顔料の粒の大きさと光沢とつや消しと塗料のにじみ

 塗料の顔料の粒子の大きさは塗膜の光沢に大きな影響を与えます。
 基本的に粒子が小さい程、塗装面はなめらかになるため光りの反射かそろい美しい光沢となります。
 クリアを塗料に混ぜたりトップコートとして吹きつけると光沢がでるのは、クリアの細かい粒子が塗装面の凸凹を埋めて塗装面をなだらかにするからです。
 対して粒子が大きい程、塗装面は凸凹になり、塗装面にあたった光は散乱され光沢は消えます。
 フラットベースとはその大きな粒子で塗装面を凸凹にするための添加剤です。
 また乾燥時間が長いと、その分表面がなだらかになりやすくなります。
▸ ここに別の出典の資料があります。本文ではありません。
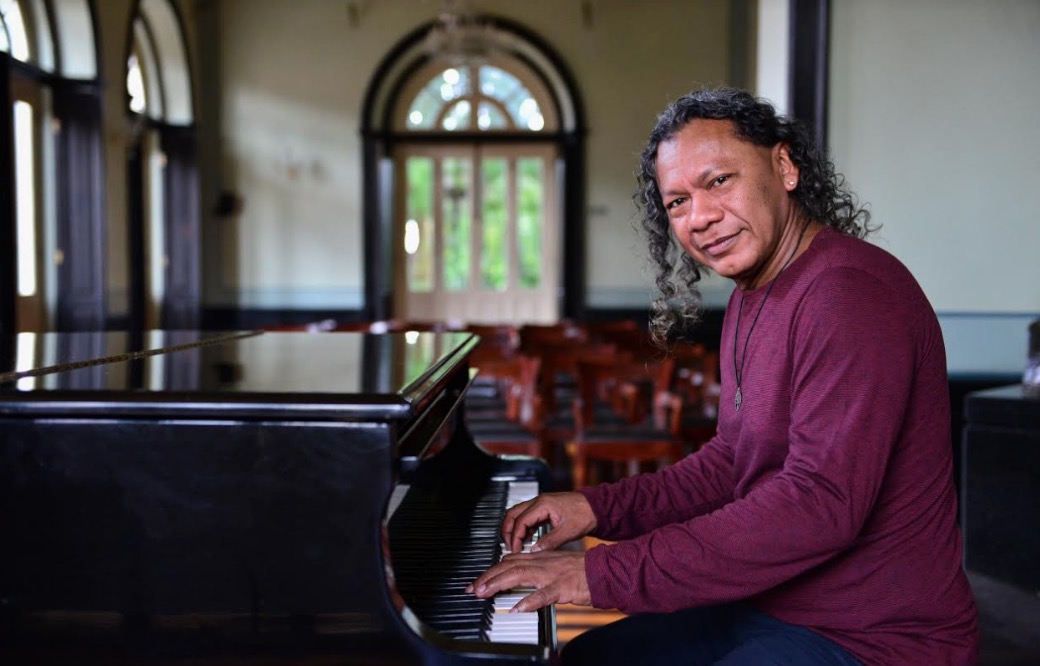 Teatro Amazonas recebe o show Guitarra Amazônica com Lairton Oliveira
ですから乾燥時間を遅らせるリターダーを混ぜると光沢がでやすくなります。(余談ですがGSIクレオスのレベリング薄め液は乾燥時間を引き伸ばすことで光沢をだす溶剤です。)
 基本的に美しい光沢をだすためには、顔料の粒子が細かいほどいいわけですが、粒子の細かい顔料にはある問題があります。
 それは「にじみ」
 粒子の細かい顔料は、下塗りの塗装面が荒れていたり塗料の粒子が大きいと、そこにできる隙間に移行してしまい、結果、塗装の境目がにじんでしまうことがあるのです。
 特にクリアカラーや蛍光色などの染料系塗料はその性質上にじみやすい傾向にあります。

付記:塗料の種類による顔料の粒子の大きさと隠蔽力

 顔料の粒子の大きさですが、同じ色でも塗料の種類によって顔料の大きさは違ったりします。全体的な傾向として、水溶性塗料の顔料の粒子は大きい傾向にあるようです。この辺りは金属色を見ればよくわかります。
 顔料の粒子の大きさは隠蔽力にも影響するようで、粒子が大きいほど隠蔽力が高くなるようです。
 グンゼのベースホワイトは顔料の粒子が大きいため白にもかかわらず隠蔽力が高く(というより、あれはサーフェーサーですね)、同じくスーパーブラックは顔料の粒子が小さいため黒なのに隠蔽力が低いといった具合に。

 ↑実際には粒子が小さく塗装面を密に覆うほど隠蔽力は高くなるとのことです。